++++ INPUT RECORDS

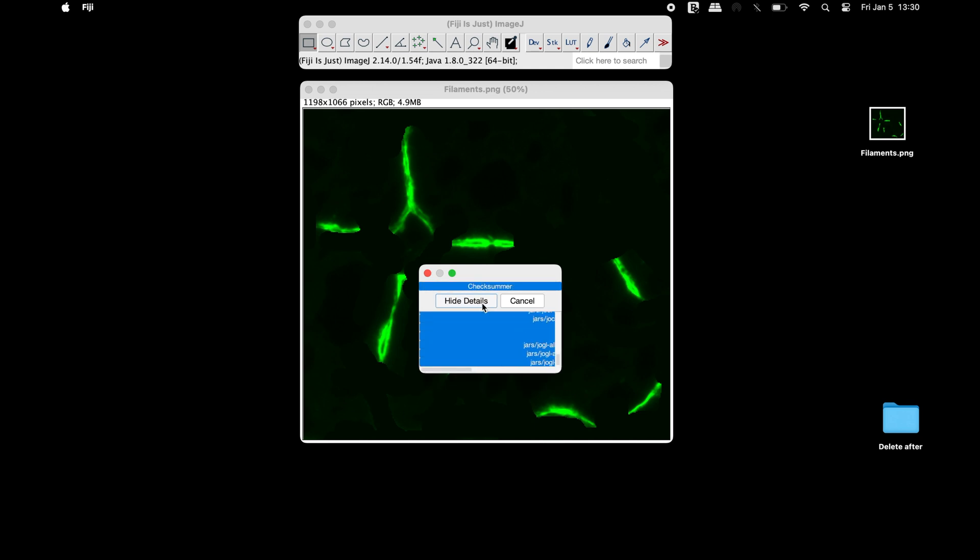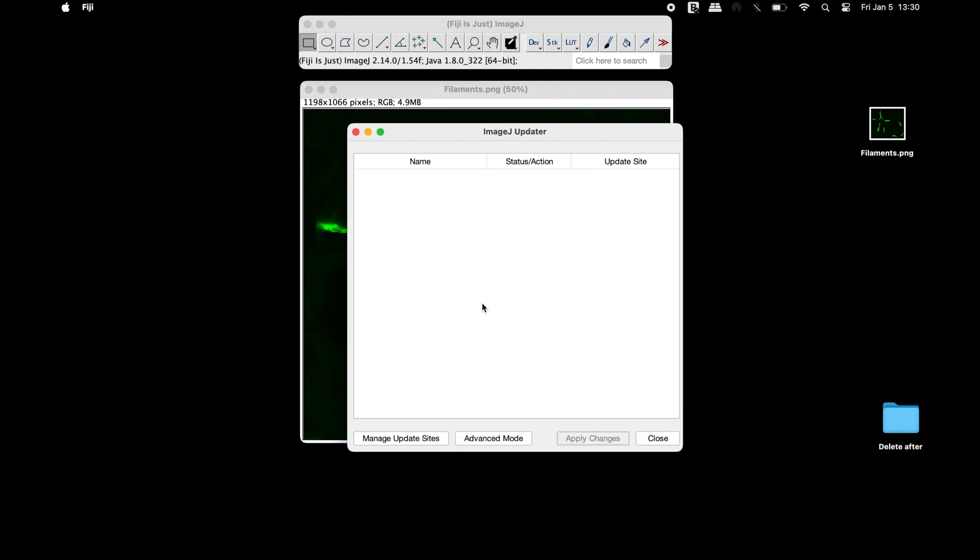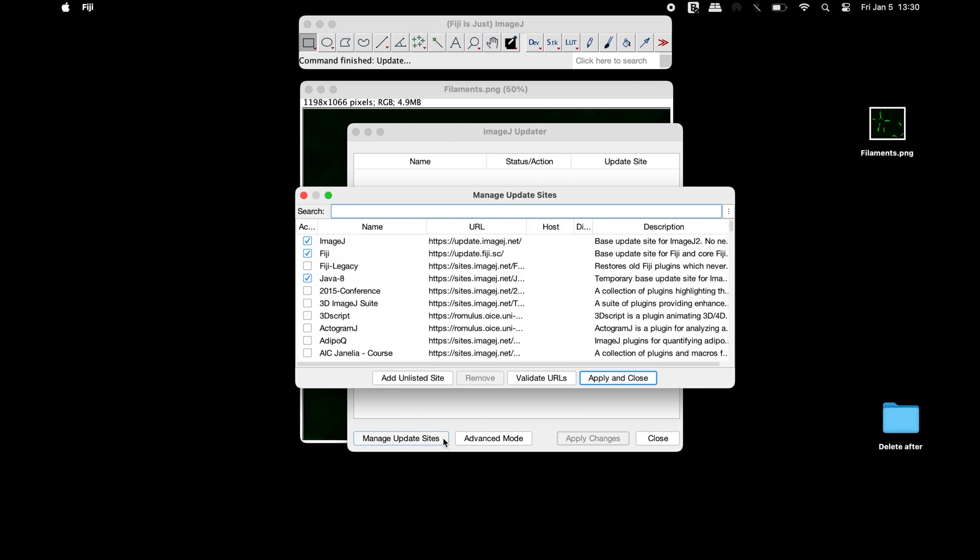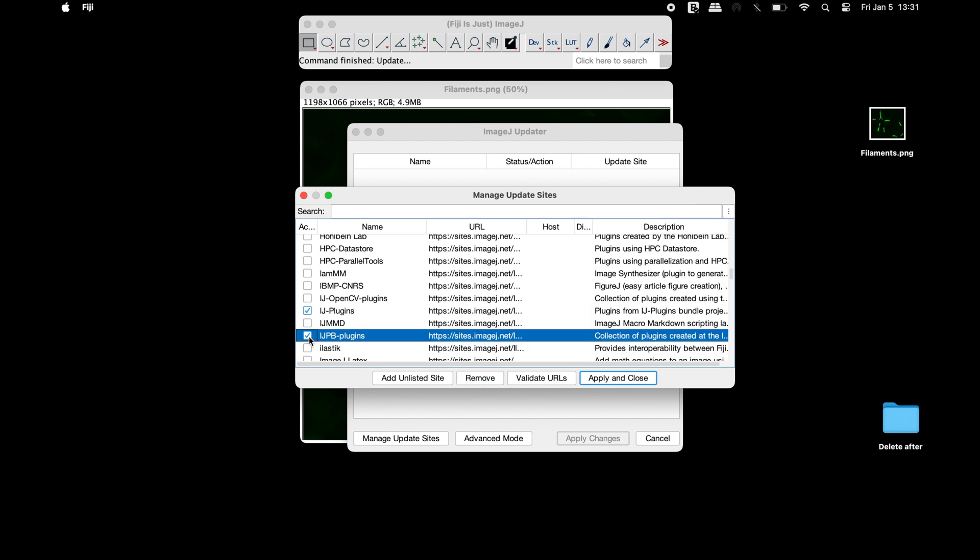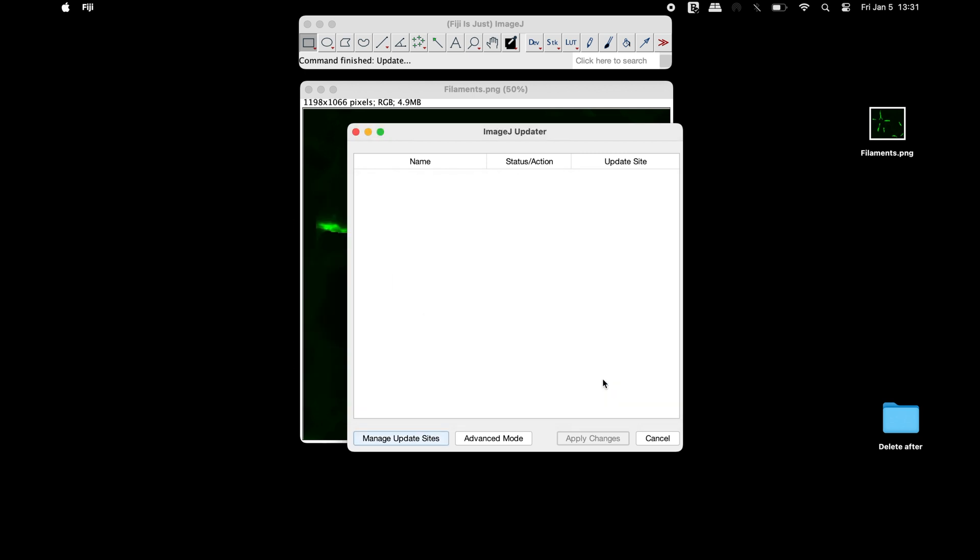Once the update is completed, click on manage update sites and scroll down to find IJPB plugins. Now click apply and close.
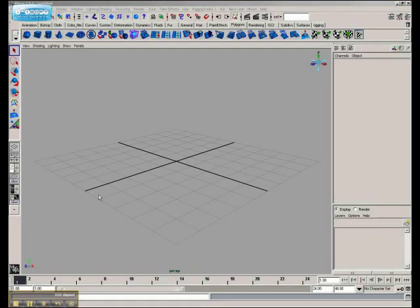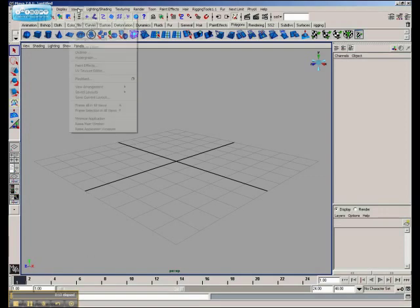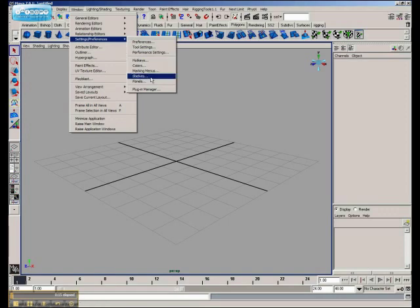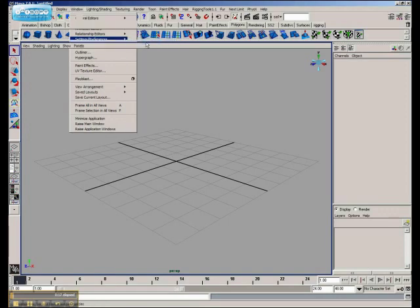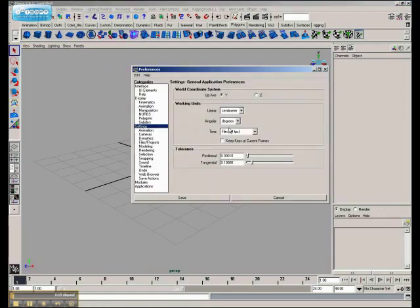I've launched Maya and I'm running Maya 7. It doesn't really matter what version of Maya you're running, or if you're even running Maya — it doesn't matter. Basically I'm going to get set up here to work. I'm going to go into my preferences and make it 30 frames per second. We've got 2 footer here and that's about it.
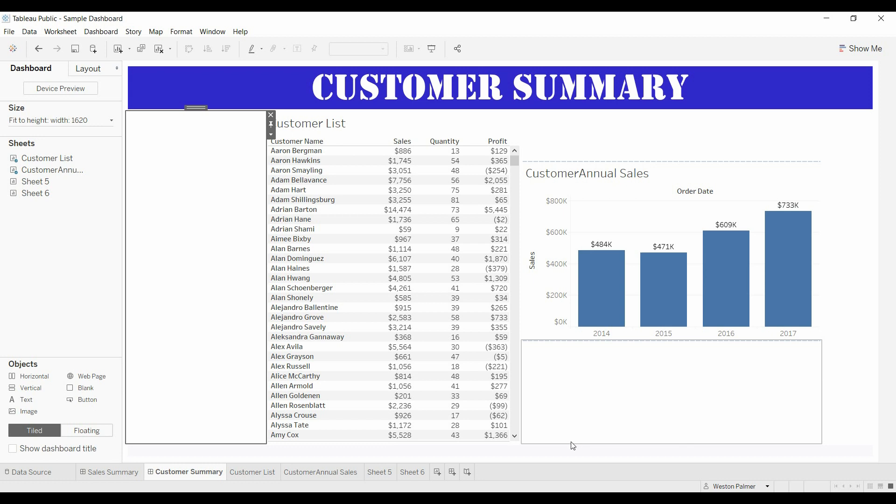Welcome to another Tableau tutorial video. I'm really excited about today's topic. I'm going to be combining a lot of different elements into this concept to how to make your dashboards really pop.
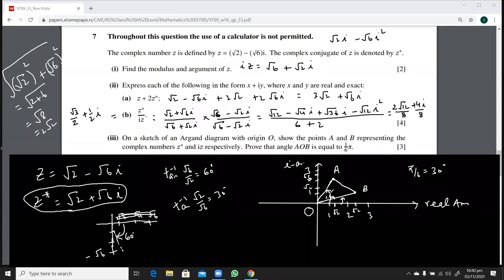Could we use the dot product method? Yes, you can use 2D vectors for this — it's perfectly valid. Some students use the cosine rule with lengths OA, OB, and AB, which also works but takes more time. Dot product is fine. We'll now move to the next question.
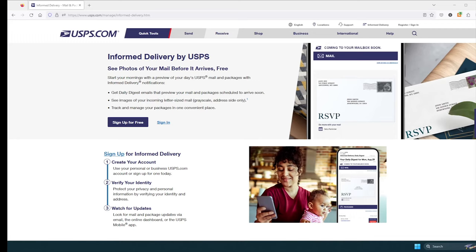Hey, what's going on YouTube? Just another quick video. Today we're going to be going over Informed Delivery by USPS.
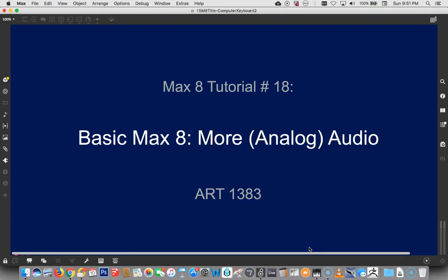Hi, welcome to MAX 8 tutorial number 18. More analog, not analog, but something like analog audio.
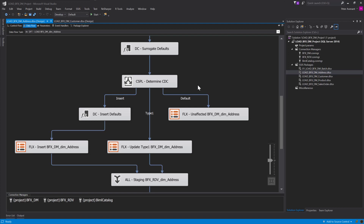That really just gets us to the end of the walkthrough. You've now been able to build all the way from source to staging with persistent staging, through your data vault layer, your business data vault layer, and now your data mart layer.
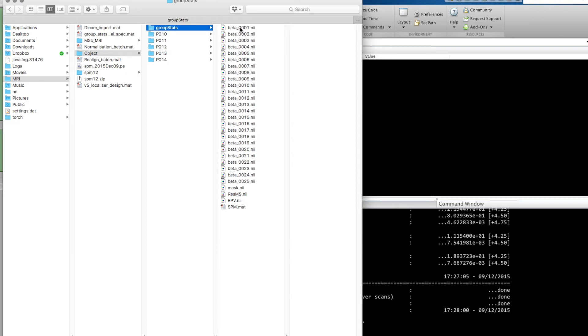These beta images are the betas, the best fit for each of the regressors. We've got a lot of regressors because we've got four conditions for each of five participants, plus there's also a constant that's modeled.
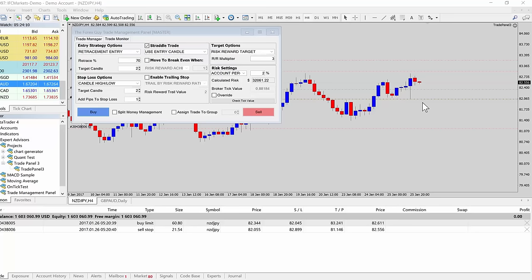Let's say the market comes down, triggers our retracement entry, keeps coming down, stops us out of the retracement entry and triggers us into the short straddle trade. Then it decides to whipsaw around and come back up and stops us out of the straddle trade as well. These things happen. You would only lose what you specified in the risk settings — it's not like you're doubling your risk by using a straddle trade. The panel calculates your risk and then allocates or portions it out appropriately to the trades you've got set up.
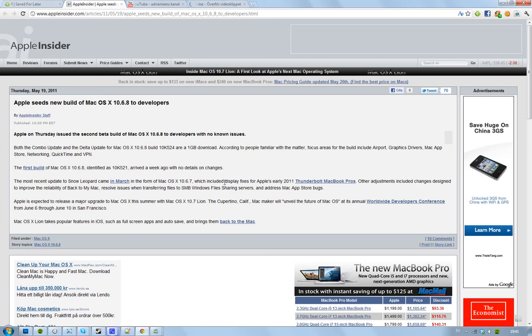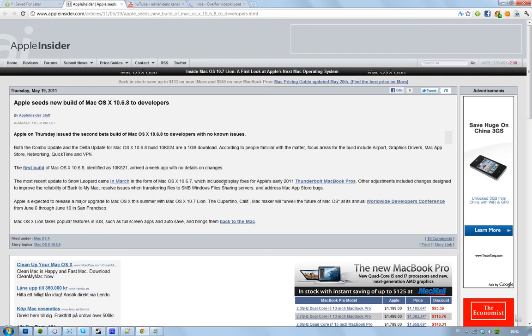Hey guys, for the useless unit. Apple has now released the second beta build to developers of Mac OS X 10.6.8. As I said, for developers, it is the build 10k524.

++++++++

Since the listing holds pictures, return everything else in it exactly and omit those.

TASK SOLUTION:
Once the update is completed, click on manage update sites and scroll down to find IJPB plugins. Now click apply and close.
I've launched Maya and I'm running Maya 7. It doesn't really matter what version of Maya you're running, or if you're even running Maya — it doesn't matter. Basically I'm going to get set up here to work. I'm going to go into my preferences and make it 30 frames per second. We've got 2 footer here and that's about it.
Welcome to another Tableau tutorial video. I'm really excited about today's topic. I'm going to be combining a lot of different elements into this concept to how to make your dashboards really pop.
Could we use the dot product method? Yes, you can use 2D vectors for this — it's perfectly valid. Some students use the cosine rule with lengths OA, OB, and AB, which also works but takes more time. Dot product is fine. We'll now move to the next question.
Hey, what's going on YouTube? Just another quick video. Today we're going to be going over Informed Delivery by USPS.
Hi, welcome to MAX 8 tutorial number 18. More analog, not analog, but something like analog audio.
That really just gets us to the end of the walkthrough. You've now been able to build all the way from source to staging with persistent staging, through your data vault layer, your business data vault layer, and now your data mart layer.
These beta images are the betas, the best fit for each of the regressors. We've got a lot of regressors because we've got four conditions for each of five participants, plus there's also a constant that's modeled.
Let's say the market comes down, triggers our retracement entry, keeps coming down, stops us out of the retracement entry and triggers us into the short straddle trade. Then it decides to whipsaw around and come back up and stops us out of the straddle trade as well. These things happen. You would only lose what you specified in the risk settings — it's not like you're doubling your risk by using a straddle trade. The panel calculates your risk and then allocates or portions it out appropriately to the trades you've got set up.
Hey guys, for the useless unit. Apple has now released the second beta build to developers of Mac OS X 10.6.8. As I said, for developers, it is the build 10k524.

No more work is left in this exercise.